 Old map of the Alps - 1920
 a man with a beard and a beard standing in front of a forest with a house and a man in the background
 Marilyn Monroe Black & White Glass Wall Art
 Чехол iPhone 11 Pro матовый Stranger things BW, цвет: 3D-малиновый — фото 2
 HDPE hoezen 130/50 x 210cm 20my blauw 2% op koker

==

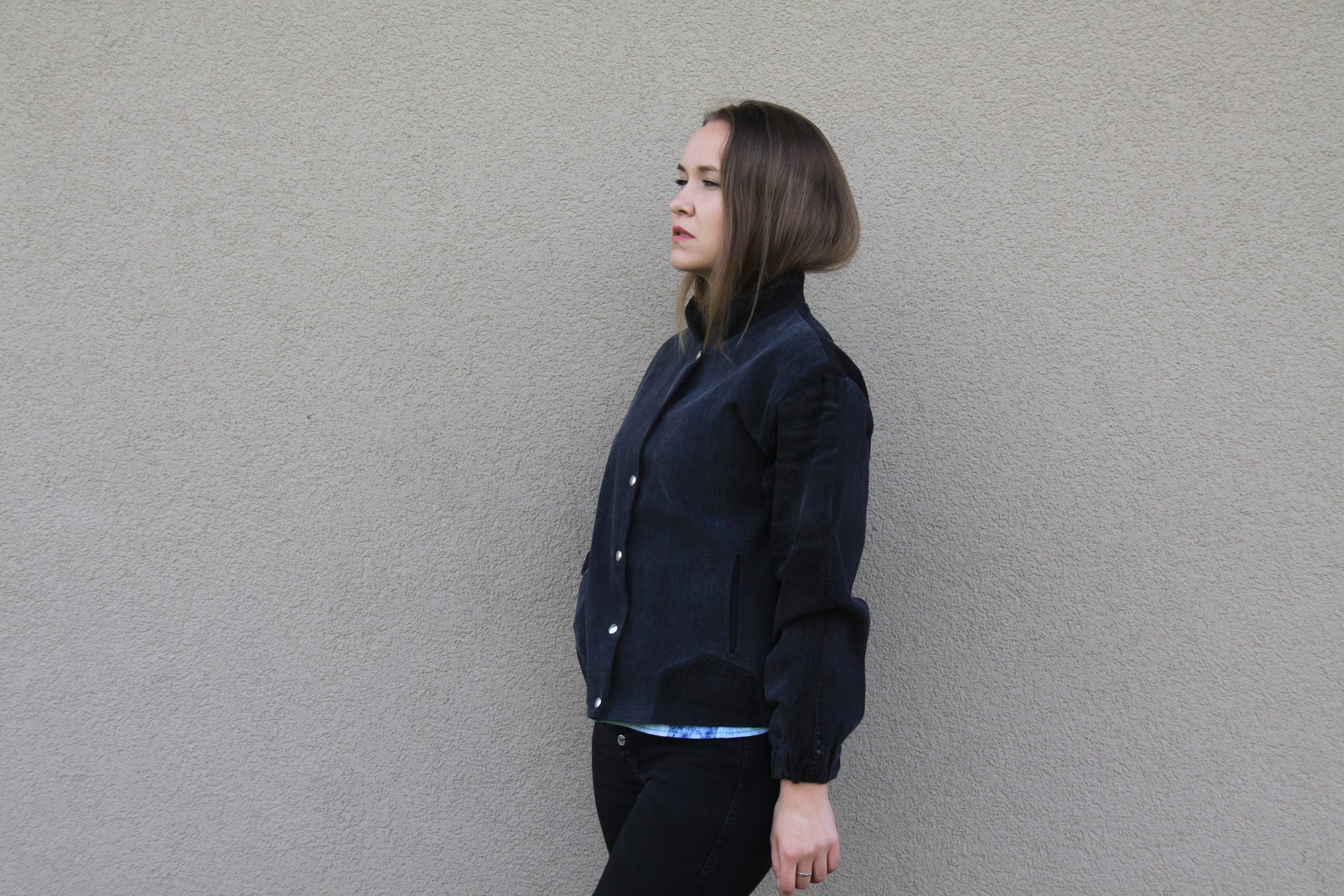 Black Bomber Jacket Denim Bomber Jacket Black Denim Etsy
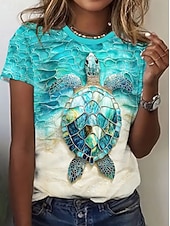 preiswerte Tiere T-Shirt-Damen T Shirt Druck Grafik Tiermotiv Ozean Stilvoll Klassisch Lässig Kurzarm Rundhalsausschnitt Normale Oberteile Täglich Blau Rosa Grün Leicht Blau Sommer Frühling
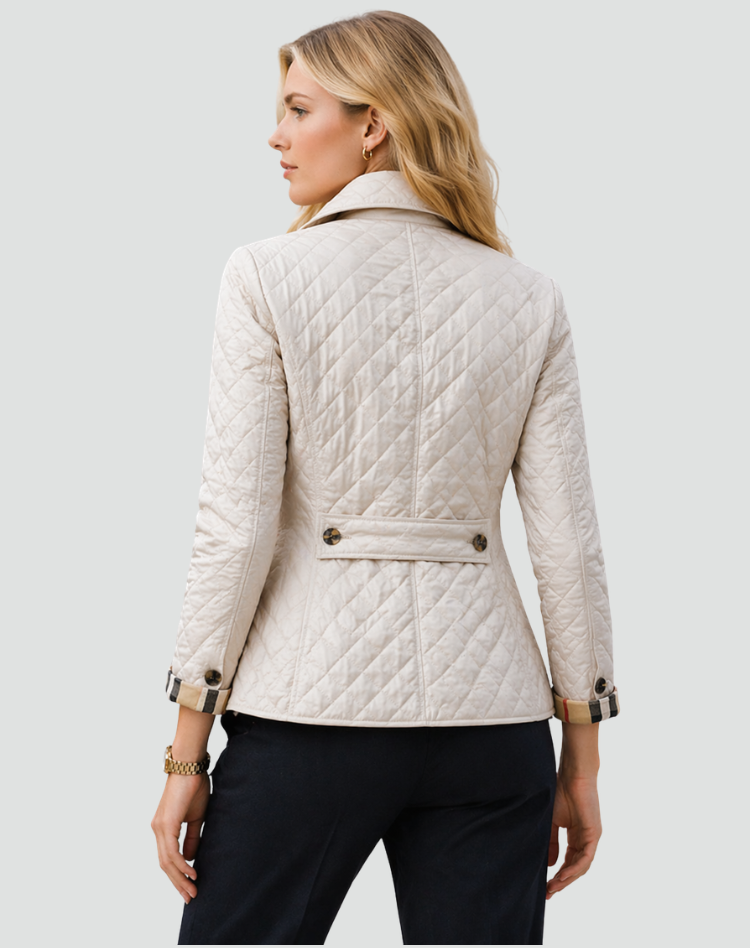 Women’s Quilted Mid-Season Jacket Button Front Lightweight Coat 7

● **Required work**:
Copy verbatim, from the listing above, each line from the one containing "Чехол iPhone 11" down to the one containing "HDPE hoezen 130/50", inclusive.

● **Answer to this problem**:
 Чехол iPhone 11 Pro матовый Stranger things BW, цвет: 3D-малиновый — фото 2
 HDPE hoezen 130/50 x 210cm 20my blauw 2% op koker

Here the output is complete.